While he was donning his informal blues he turned his thoughts to the day ahead. It was the twelfth birthday of his grandson, Hallie, and — as part of the ritual which proved he was ready to enter military academy — the boy was due to go alone against ptertha. The occasion was an important one, and Dalacott vividly remembered the pride he had felt on watching his own son, Oderan, pass the same test. Oderan’s subsequent army career had been cut short by his death at the age of thirty-three — the result of an airship crash in Yalrofac — and it was Dalacott’s painful duty to stand in for him during the day’s celebrations. He finished dressing, left the bedroom and went downstairs to the dining room where, in spite of the earliness of the hour, he found Conna Dalacott seated at the round table. She was a tall, open-faced woman whose form was developing the solidity of early middle age.

“Good foreday, Conna,” he said, noting that she was alone. “Is young Hallie still asleep?”

“On his twelfth?” She nodded towards the walled garden, part of which was visible through the floor-to-ceiling window. “He’s out there somewhere, practising. He wouldn’t even look at his breakfast.”

“It’s a big day for him.

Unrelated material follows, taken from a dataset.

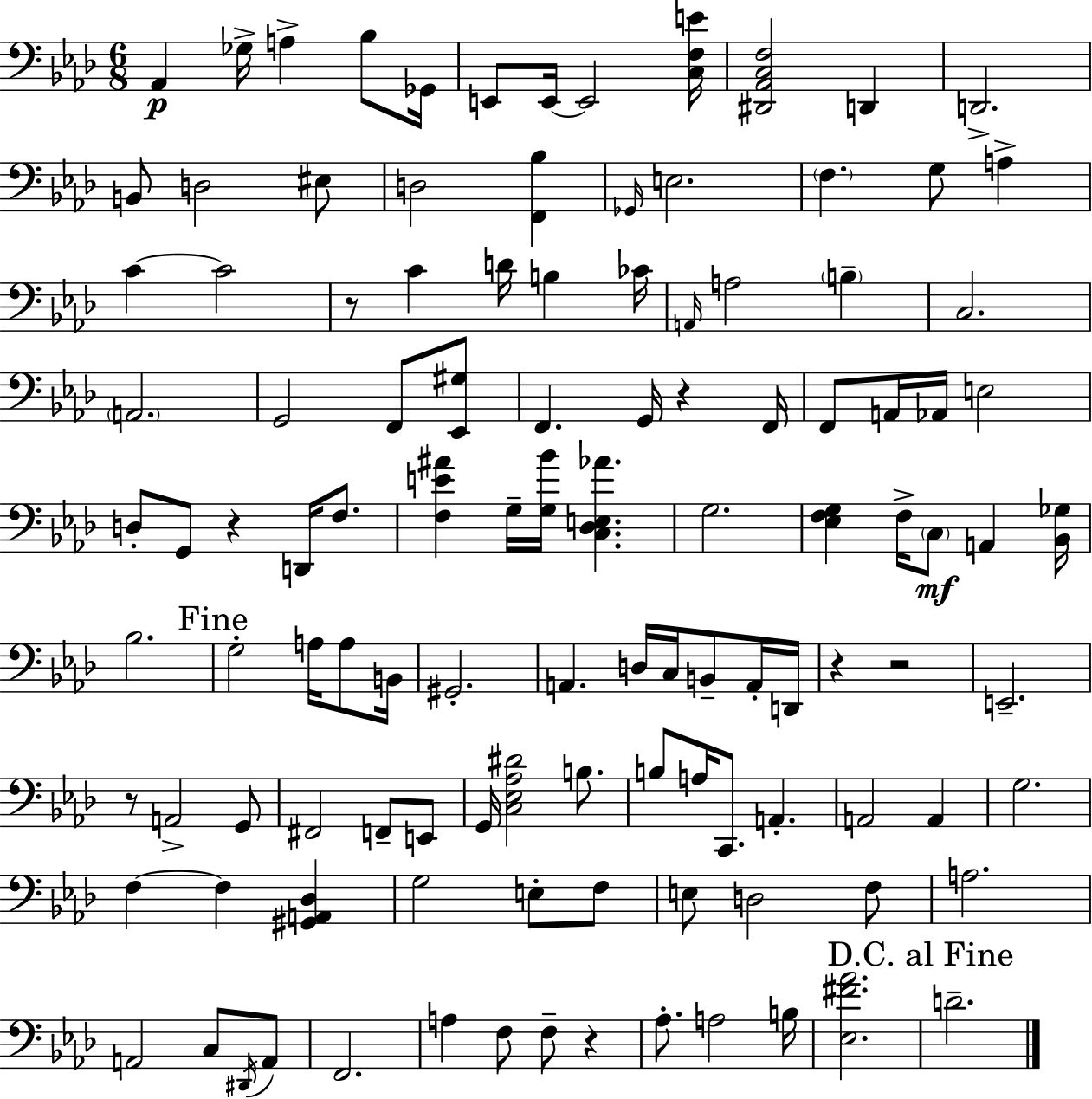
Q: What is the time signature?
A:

For us all.”

“Yes.” Something in the timbre of Conna’s voice told Dalacott that she was under a strain. “A wonderful day.”

“I know it’s distressing for you,” he said gently, “but Oderan would have wanted us to make the most of it, for Hallie’s sake.”

Conna gave him a calm smile. “Do you still take nothing but porridge for breakfast? Can’t I tempt you with some whitefish? Sausage? A forcemeat cake?”

“I’ve lived too long on line soldier’s rations,” he protested, tacitly agreeing to restrict himself to small-talk. Conna had maintained the villa and conducted her life ably enough without his assistance in the ten years since Oderan’s death, and it would be presumptuous of him to offer her any advice at this juncture.

“Very well,” she said, beginning to serve him from one of the covered dishes on the table, “but there’ll be no soldier’s rations for you at the littlenight feast.”

“Agreed!” While Dalacott was eating the lightly salted porridge he exchanged pleasantries with his daughter-in-law, but the seething of his memories continued unabated and — as had been happening more often of late — thoughts of the son he had lost evoked others of the son he had never claimed. Looking back over his life he had, once again, to ponder the ways in which the major turning points were frequently unrecognisable as such, in which the inconsequential could lead to the momentous.

Had he not been caught off his guard during the course of a minor skirmish in Yalrofac all those years ago he would not have received the serious wound in his leg. The injury had led to a long convalescence in the quietness of Redant province; and it was there, while walking by the Bes-Undar river, he had chanced to find the strangest natural object he had ever seen, the one he still carried everywhere he went. The object had been in his possession for about a year when, on a rare visit to the capital, he had impulsively taken it to the science quarter on Greenmount to find out if its strange properties could be explained.